This article was originally published on LinkedIn.
Over the last 20 years, I have watched thousands of students take advantage of college — and some who did not. In my experience, your time at college will be defined by a relatively few crucial actions. Let’s call them ten simple things that will make your experience more fun, meaningful and important:
1. Dive into your classes. Of course, you should do the work and go to all the classes. But I urge you to go further. Be fully engaged by participating in classroom conversations, group projects and every other part of your classes. Take it seriously. Treat it like a job, one that you are fortunate to have!
2. Get to know your faculty. Take the time to get to know the faculty who teach your courses and search for a faculty member who can be a mentor for you. Stop by during their office hours and introduce yourself. Having one close relationship with a faculty member dramatically increases the odds that college will be transformative for you. But do not stop at just one. Get to know as many of your faculty as possible. They want to get to know you, too.
3. Take a wide range of classes. Students make the mistake of trying to narrow in on a particular major early. Partially, they do this under the mistaken belief that it helps with jobs (that is the topic for another article). The wider the range of courses you take, the broader the skills and world views you will develop and the better prepared you will be for life.
If you only do these three things, college will be life-changing. But here are seven more!

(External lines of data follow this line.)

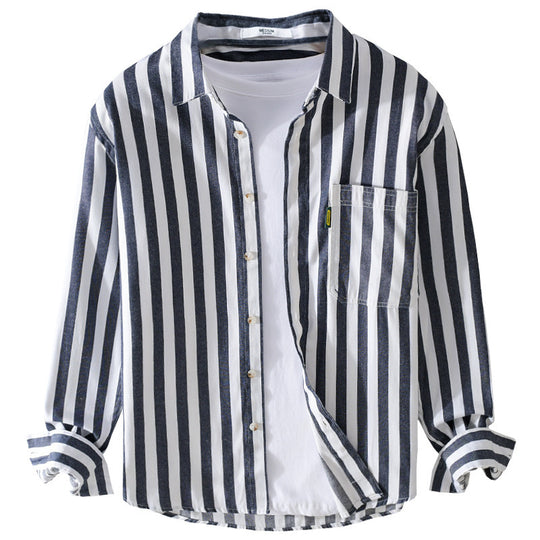 Herren Maritim-inspiriertes Streifen-Relax-Overshirt aus weichem Baumwolltwill mit aufgesetzter Brusttasche Nord Taschen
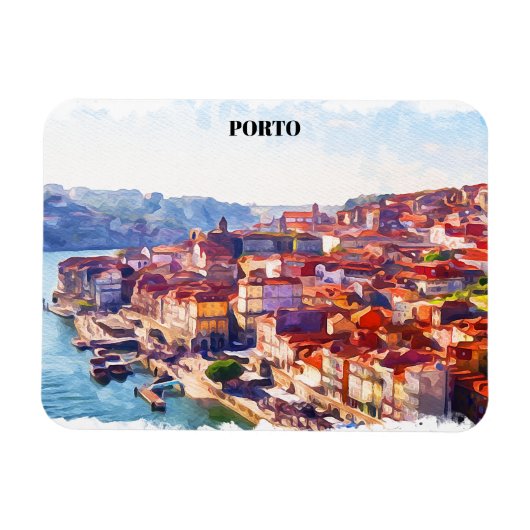 Porto Portugal Panorama Uitzicht Magneet (Horizontaal)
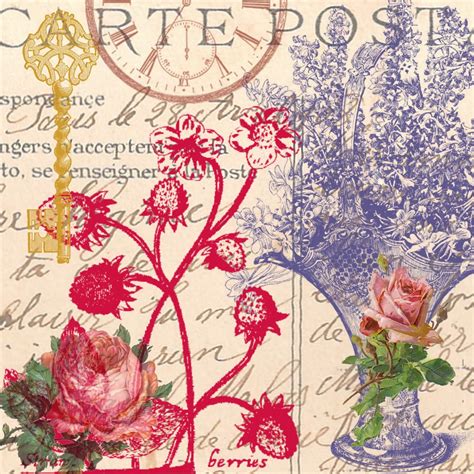 The Artzee Blog Vintage Victorian Strawberry Roses Floral X Inch Collage Decoupage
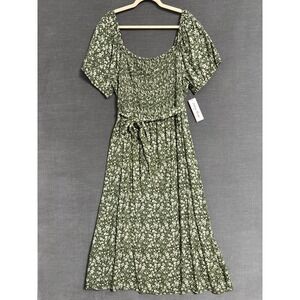 Indigo Rose Dress 3X Green Cream Floral Rayon Puff Smocked Midi Boho Cottage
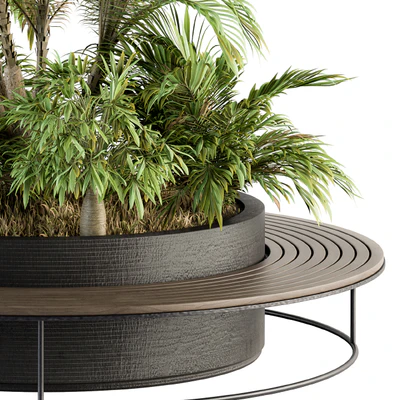 Urban Furniture / Architecture Bench with Plants- Set 16 — Ver 5
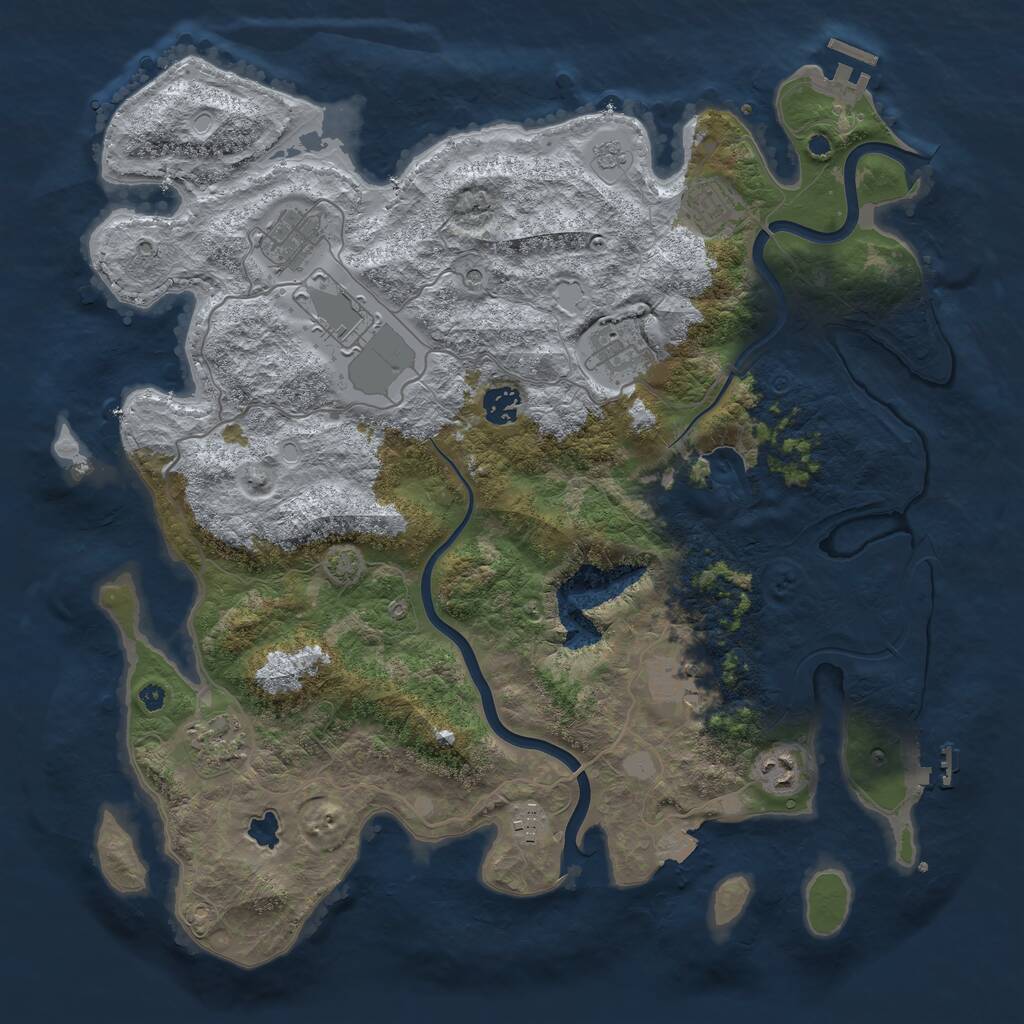 Rust Map: Procedural Map, Size: 4000, Seed: 2327818, 15 Monuments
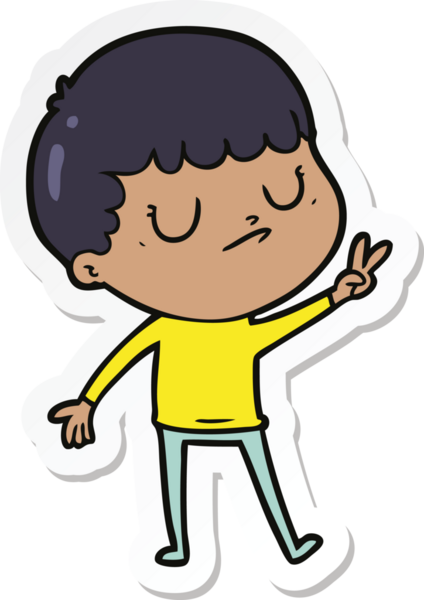 Bir insan tarafından çizilmiş huysuz bir çocuğun çıkartması.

4. Make friends: Pick good friends who are at college for the right reasons and who bring out the best in you. Who you hang out with matters. Our college careers are shaped, more than anything else, by the people we chose to hang out with.
5. Be adventurous! Most students have something that they love to do that recharges them, such as athletics, the arts, community service, international travel or entrepreneurship. Find a way to pursue that passion in college. It will help you make friends, and by pursuing it seriously, you will deepen your skills. But also experiment with something totally outside your comfort zone, or do something you secretly always wanted to do in high school, but were too afraid or embarrassed to try. College is a chance to figure out who you are and who you want to be.
6. Engage a wide range of people: Colleges are filled with interesting people who bring a wide range of experiences, world views, and lifestyles to campus. Seek out people who are different from you and find ways to learn from them. Hear their life stories and share your own. This is not something that comes naturally to many people and social media has made it even easier to avoid. The risk you take is likely to be well-rewarded by a great conversation, a new way of thinking, and maybe a wider circle of friends.
7. Ask for help: The biggest mistake students make their first year is waiting too long to ask for help. Faculty, academic advisors, residential advisors and others are here to help. They have seen and heard it all before. If you need help, ask for it.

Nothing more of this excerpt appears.